I do not think that the foregoing facts, as I have related them, are very material to a proper disposition of the case, but I recite them merely to show that the fraud committed by Wilson in each instance was complete when he presented the check of his employers to the plaintiff bank and had it issue a draft to James Edgar, a fictitious person, thus converting the funds to his own use. What Wilson did in each instance after he procured a draft made payable to James Edgar neither added to nor subtracted from the fraud that he had already committed. The case would be no different than if Wilson had procured cash upon these checks from plaintiff or had taken $3,000 in cash out of the till of his employers, and gone to another city and procured the drafts from a bank there in the name of a fictitious payee and, thereafter, indorsed the name of the fictitious payee in order to get the money upon them. If this had been the course pursued by Wilson the fraud would have been consummated at the time he procured the cash from the plaintiff bank or abstracted it from the funds on hand of his employers.
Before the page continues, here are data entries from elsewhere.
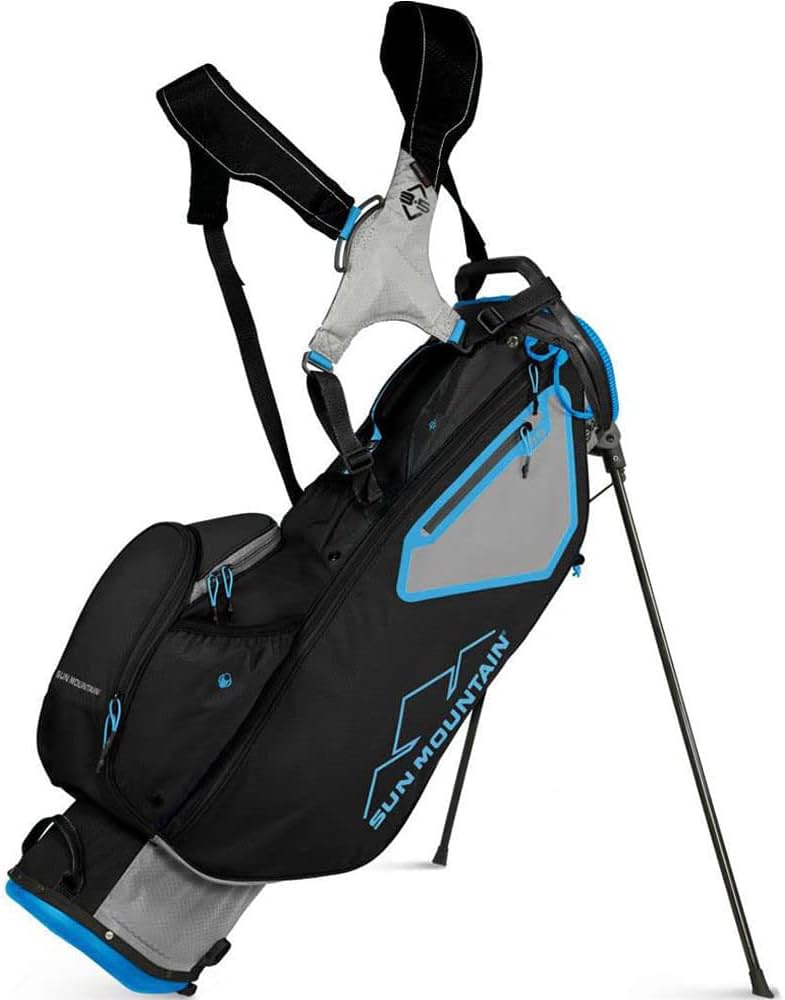 Amazon | 2022 Sun Mountain (サンマウンテン) 3.5 LS Stand Bag Sand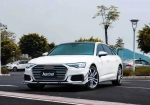 Карбоновые канарды для AUDI S6 & A6 S-LINE & A6 AVANT 2019-2025+ C8 Ауди обвес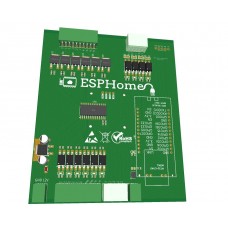 WT32-ETH01 EspHome Controller
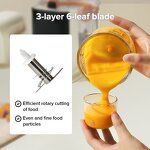 Baby Food Maker Manufacturer - Food Grade Kitchen Appliance Processor Blender OEM/ODM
If Wilson, in exchange for the three drafts of plaintiff, had procured a draft payable to John Brown, a fictitious person, from the Produce Exchange for $3,000 or three drafts for $1,000 each, instead of depositing the three drafts in question in the Produce Exchange Bank, and had deposited the new drafts in some other bank in Kansas City, or elsewhere, signing the name of John Brown thereto, and that bank had collected the draft or drafts from the Produce Exchange Bank, it could hardly be contended that the Produce Exchange Bank could have sued that bank on the theory that the indorsement of the fictitious name of Brown by Wilson upon that or those drafts was a forgery.
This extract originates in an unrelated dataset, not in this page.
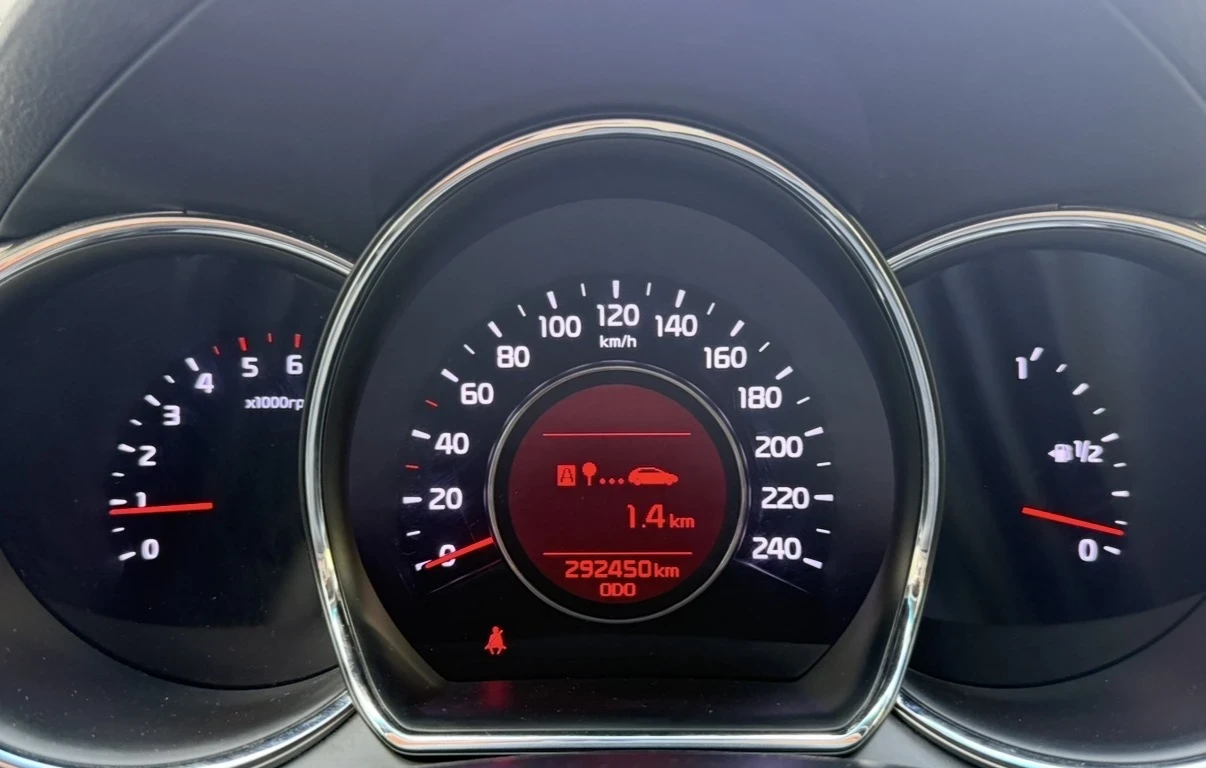 Kia Ceed Kia Ceed 1.6CRDI-NAVI-Eco Dynamics-Euro6, снимка 10 - Автомобили и джипове - 54445615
The suppositions case that I have suggested would be but one *Page 916 degree removed from the transaction at hand and the principles applicable are in no wise different. In other words, when Wilson caused the First National Bank to issue these drafts in the name of a fictitious person in order that he might be able to realize upon the drafts for his own benefit, the fraud was consummated and his indorsement of the fictitious name of the payee upon the drafts was no part of the fraud and was not a forgery on his part.
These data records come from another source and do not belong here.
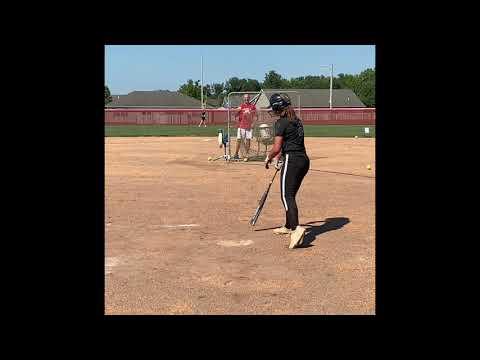 Video of Allison Wilson Skills Video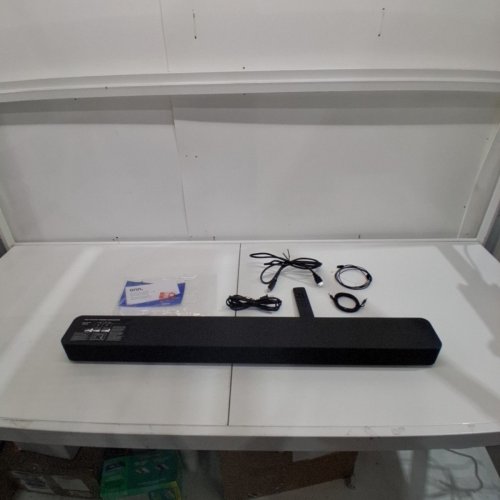 ONN 2.1 SOUNDBAR SYSTEM WITH BUILT-IN SUBWOOFER - 320W - 36" - BLACK (MODEL: 100043851) image 3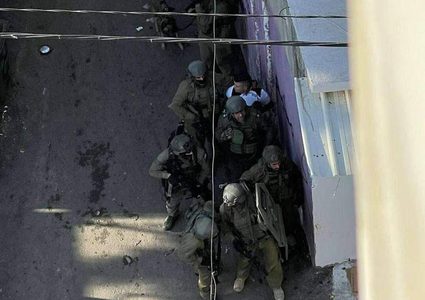 شهيد وعدة إصابات خلال اقتحام الاحتلال مخيم جنين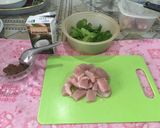 รูปขั้นตอนการทำที่ 1 ของ พะแนงหมู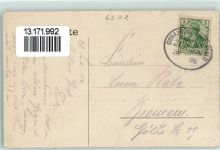 49214 W4502 Bad Rothenfelde 1906 - Badehotel Altes Gradirwerk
I am of the opinion that the drafts in question were made payable to bearer under the provisions of section 2638, providing that an instrument is payable to the bearer . . . "(3) when it is payable to the order of a fictitious or nonexisting person and such fact was known to the person making it so payable." The evidence shows that the plaintiff, bank, in drawing the drafts had no intention whatever in reference to the matter as to whom the drafts were made payable. When a customer came to the plaintiff bank and wanted a draft, and paid for it, it was immaterial to the bank, according to the testimony, as to whom the draft was made payable. That was not a matter that it was interested in. It made the draft payable to the person to whom the individual buying the draft requested that it be made payable. In other words, when Wilson requested plaintiff to make these drafts payable to James Edgar, a fictitious person, the bank had no intention whatever in the matter, but was merely carrying out the directions of Wilson for whom it was acting as agent in the matter. Therefore, when plaintiff made the drafts payable to James Edgar, a fictitious person, its act was Wilson's act. It was the intention of Wilson that the drafts be made payable to a fictitious or nonexisting person and, therefore, of course, he knew that they were being made to such a person.

I think the judgment should be affirmed.